**Problem to work on**
Ignoring every picture, return the lines of the listing below word for word, from the line that holds "woman drinking beer in a restaurant" through the line that holds "Man in Cloak and Face Paint Stares Intently".

**Task data**
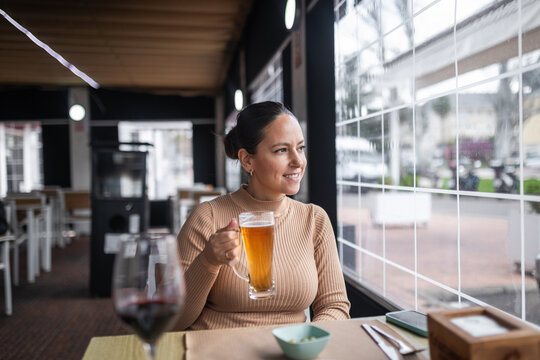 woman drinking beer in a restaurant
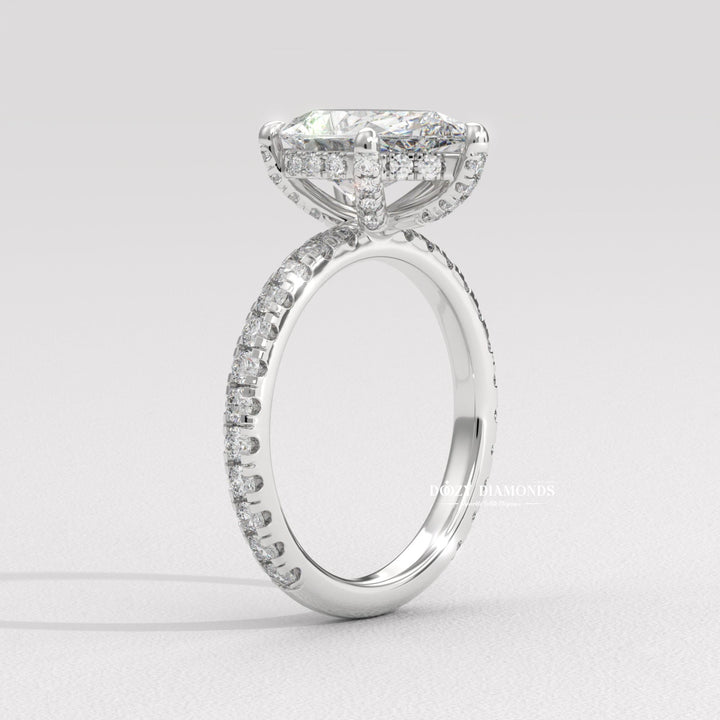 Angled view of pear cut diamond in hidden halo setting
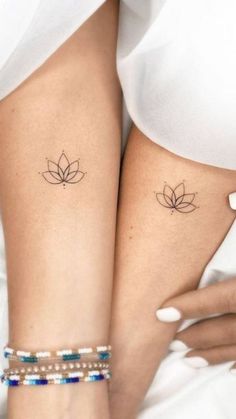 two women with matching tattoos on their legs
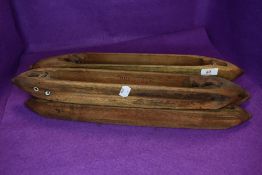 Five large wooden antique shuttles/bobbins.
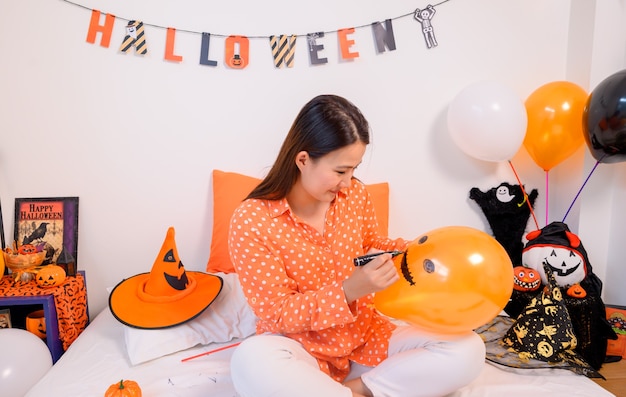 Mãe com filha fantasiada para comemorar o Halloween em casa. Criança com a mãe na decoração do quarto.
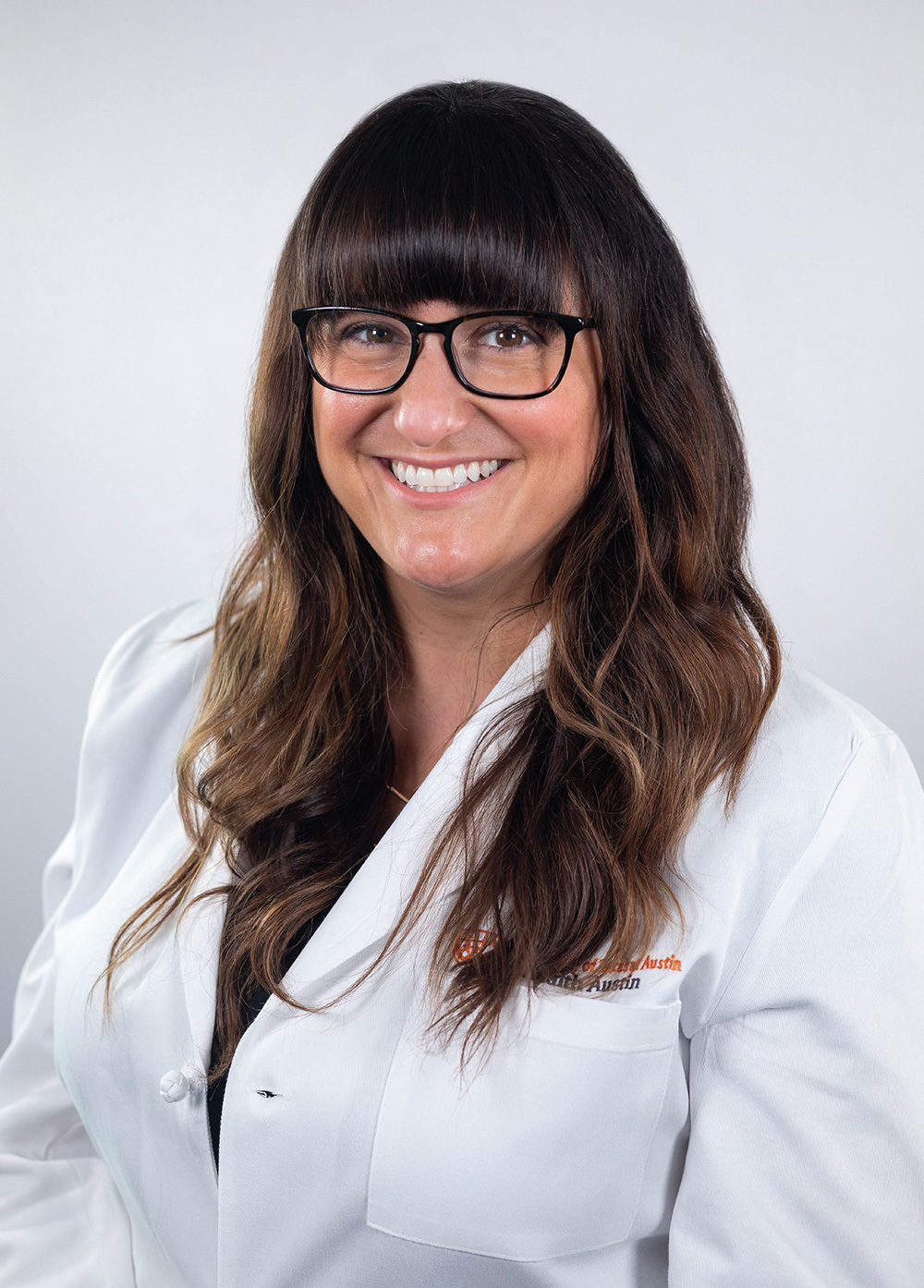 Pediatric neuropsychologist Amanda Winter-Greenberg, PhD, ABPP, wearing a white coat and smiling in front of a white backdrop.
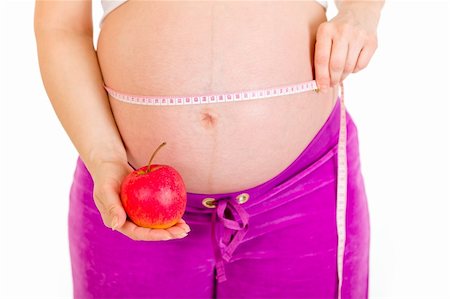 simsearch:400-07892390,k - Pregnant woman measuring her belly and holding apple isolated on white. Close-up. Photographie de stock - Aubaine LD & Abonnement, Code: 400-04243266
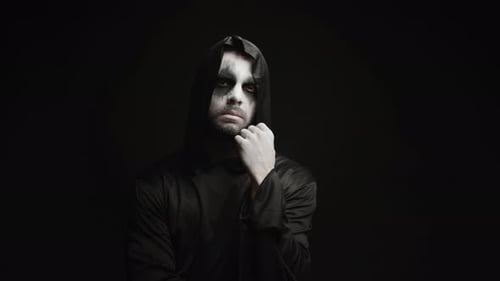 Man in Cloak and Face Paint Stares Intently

* * *

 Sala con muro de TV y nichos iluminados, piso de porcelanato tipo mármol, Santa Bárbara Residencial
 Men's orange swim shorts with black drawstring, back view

**Solution for this task**
 woman drinking beer in a restaurant
 Angled view of pear cut diamond in hidden halo setting
 two women with matching tattoos on their legs
 Five large wooden antique shuttles/bobbins.
 Mãe com filha fantasiada para comemorar o Halloween em casa. Criança com a mãe na decoração do quarto.
 Pediatric neuropsychologist Amanda Winter-Greenberg, PhD, ABPP, wearing a white coat and smiling in front of a white backdrop.
 simsearch:400-07892390,k - Pregnant woman measuring her belly and holding apple isolated on white. Close-up. Photographie de stock - Aubaine LD & Abonnement, Code: 400-04243266
 Man in Cloak and Face Paint Stares Intently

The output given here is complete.